Troviamo infine redazioni cristianizzate della leggenda dove a tutto ciò si associano temi apocalittici: un giorno la muraglia cederà e le genti di Gog e Magog proromperanno – e sarà il tempo dello Anticristo. Inquadramenti fantastici questi, da cui si deve prescindere se si vuol raccogliere il significato più profondo della saga. Un dettaglio interessante è il seguente: l’irruzione avverrà quando le genti di Gog e Magog si accorgeranno che le trombe già suonate da coloro che stavano a guardia al sommo della muraglia protettrice non vibrano più se non per la forza del vento che vi soffia a caso. Fuor dal simbolo: le masse si scateneranno quando si accorgeranno che nulla più sta dietro coloro che rivendicavano per sé un superiore principio di autorità, quando si accorgeranno che vuota, priva di ogni fondamento legittimo è divenuta tale autorità.
Il che, purtroppo, non è un mito fantastico del futuro ma la realtà storica di ieri e di oggi. Già da tempo si sono prodotte quelle che il Guénon ha efficacemente chiamate le fessure o incrinature della Grande Muraglia: non perché la forza che premeva fosse stata più forte o perché si fossero fatti avanti gli esponenti di una nuova legittimità o di un disconosciuto diritto, ma solo per l’indebolimento della struttura difensiva, per la carenza di un superiore tipo umano, per la mancanza di una grande idea.
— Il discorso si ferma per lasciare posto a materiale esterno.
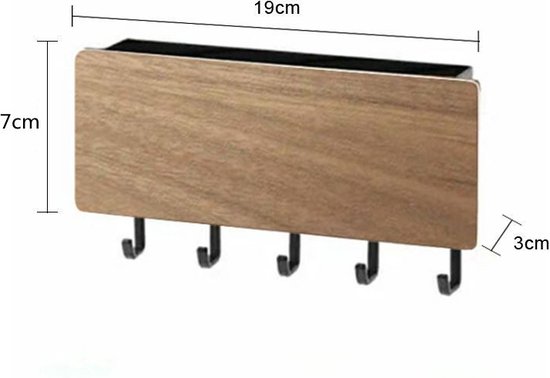 TDR - Sleutelrekje - Bamboo met donker hout motief - 19 x 3 x 7 cm - Merkloos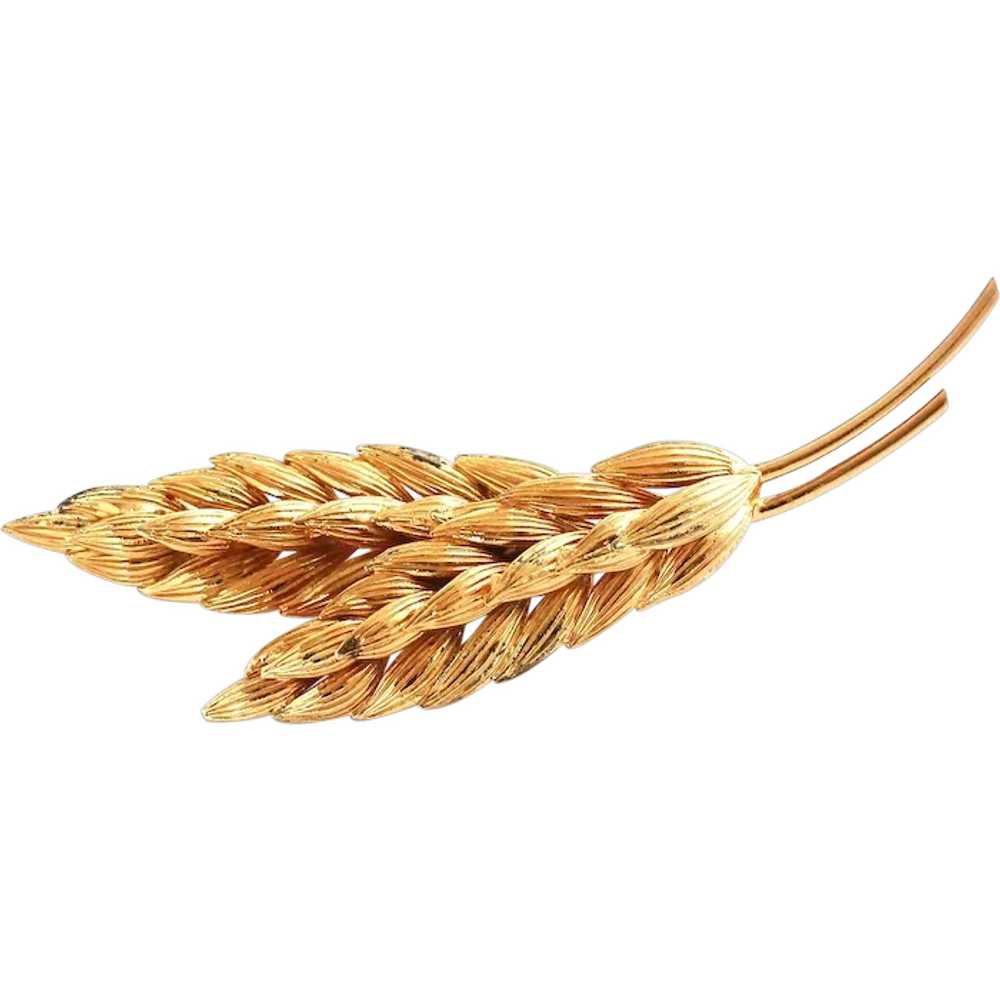 Napier Vermeil Sterling Wheat Brooch Pin - image 1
Oggi non saprebbe più dire che cosa ancora resti, della simbolica Muraglia: tanto vasti sono i tratti non incrinati, ma già franati di essa. Prima la rivolta, poi l’avanzata sistematica del mondo delle masse.
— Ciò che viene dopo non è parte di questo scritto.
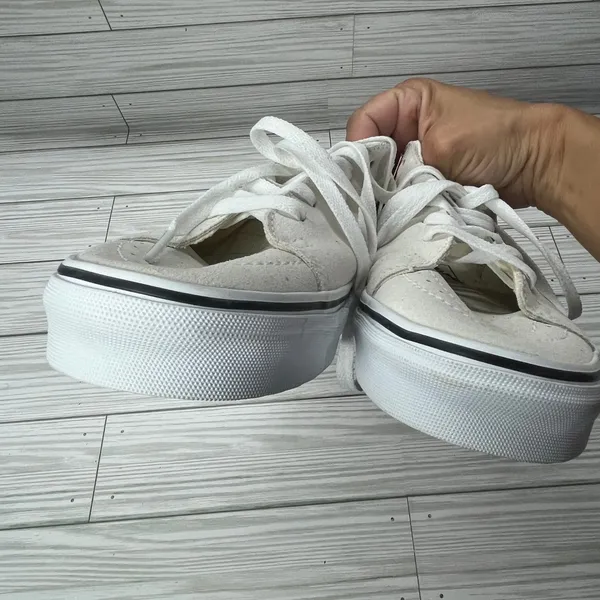 Vans‎ Sk8-Low Marshmallow Black Suede Canvas Sneakers Womens 8.5 Mens 7 NEW - Image 5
Nelle leggende già accennate un motivo spesso aggiungentesi a quello catastrofico e apocalittico riguarda l’ultima battaglia. È la battaglia che combatterà una figura che quasi sarebbe l’antico dominatore e il frenatore risorto o ridestatosi nel punto della massima crisi. Non in tutte le varianti della saga l’esito dell’ultima battaglia è dato come favorevole. Ma anche così, sarebbe molto. Sarebbe già consolante pensare che il tutto non si ridurrà ad un fatale oscuro disfacimento, pensare che di là da questo mondo in convulsioni, di là da conflitti tanto tragici e immani quanto privi di ogni senso profondo, riscaturirà, in un qualche modo, l’antitesi originaria, verrà l’ora delle decisioni sovrane, vi sarà almeno la possibilità di combattere sapendo per che cosa si combatte, per che cosa vale combattere.